Most of the arguments put forward by Greens4HS2 originated outside of the group, and outside of GPEW itself. The influence of Gareth Dennis (who is not a Green party member) is particularly prevalent, as can be seen in the group’s newsletter for the Autumn 2021 party conference (below) where he has provided the line to take, and even its Rail Alphabet-based logo.

Greens4HS2 leaflet, October 2021 (first side)
Greens4HS2 leaflet, Oct 2021
Greens4HS2 leaflet, October 2021 (2nd side)

The main job of HS2, according to the newsletter (and Mr Dennis) is to ‘free up our congested rail network, making room for many more local and freight trains’, and it could play ‘a big part’ in ‘a low carbon future for transport’.
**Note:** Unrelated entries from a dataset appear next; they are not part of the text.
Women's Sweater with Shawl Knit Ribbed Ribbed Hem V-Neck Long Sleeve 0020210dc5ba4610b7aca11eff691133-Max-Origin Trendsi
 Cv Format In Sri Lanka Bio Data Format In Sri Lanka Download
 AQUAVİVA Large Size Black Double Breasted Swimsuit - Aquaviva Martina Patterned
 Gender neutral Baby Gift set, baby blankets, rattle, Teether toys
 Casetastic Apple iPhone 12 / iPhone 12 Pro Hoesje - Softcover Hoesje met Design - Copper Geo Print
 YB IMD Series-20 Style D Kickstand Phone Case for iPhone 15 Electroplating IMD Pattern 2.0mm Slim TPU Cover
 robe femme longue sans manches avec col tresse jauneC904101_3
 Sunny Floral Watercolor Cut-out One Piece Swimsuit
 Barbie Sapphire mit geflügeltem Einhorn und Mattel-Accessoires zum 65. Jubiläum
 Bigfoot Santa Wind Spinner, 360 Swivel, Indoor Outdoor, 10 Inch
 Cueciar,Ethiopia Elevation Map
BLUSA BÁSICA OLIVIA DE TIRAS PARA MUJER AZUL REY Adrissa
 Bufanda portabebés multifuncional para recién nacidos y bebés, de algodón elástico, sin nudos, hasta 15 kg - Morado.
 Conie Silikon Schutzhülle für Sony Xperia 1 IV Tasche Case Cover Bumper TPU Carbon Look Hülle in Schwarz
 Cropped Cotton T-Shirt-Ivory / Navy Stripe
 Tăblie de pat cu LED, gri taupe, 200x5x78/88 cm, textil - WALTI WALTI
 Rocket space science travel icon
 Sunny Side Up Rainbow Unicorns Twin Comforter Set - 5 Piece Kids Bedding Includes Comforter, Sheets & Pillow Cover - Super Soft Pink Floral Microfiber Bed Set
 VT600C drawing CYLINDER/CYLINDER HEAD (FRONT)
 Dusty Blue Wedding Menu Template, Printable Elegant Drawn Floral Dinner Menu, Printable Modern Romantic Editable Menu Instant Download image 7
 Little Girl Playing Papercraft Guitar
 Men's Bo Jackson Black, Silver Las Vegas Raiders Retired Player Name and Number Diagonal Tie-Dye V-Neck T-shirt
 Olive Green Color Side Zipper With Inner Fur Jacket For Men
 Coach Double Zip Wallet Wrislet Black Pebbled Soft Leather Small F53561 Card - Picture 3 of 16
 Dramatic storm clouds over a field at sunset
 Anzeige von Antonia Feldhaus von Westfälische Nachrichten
So, exactly where on the existing railway would HS2 enable ‘many more local and freight trains to run’? Greens4HS2 members have always been completely unable to provide quantification for any particular stretch of line.

The Solihull branch of GPEW is a particular hotbed of Greens4HS2 support, so one might expect them to be eager to detail the ‘HS2-enabled uplift’ in local and freight trains achievable on the existing Coventry to Birmingham line, which runs through the north of their borough. But all they have ever been able to do, is parrot the inanities of Mr Dennis.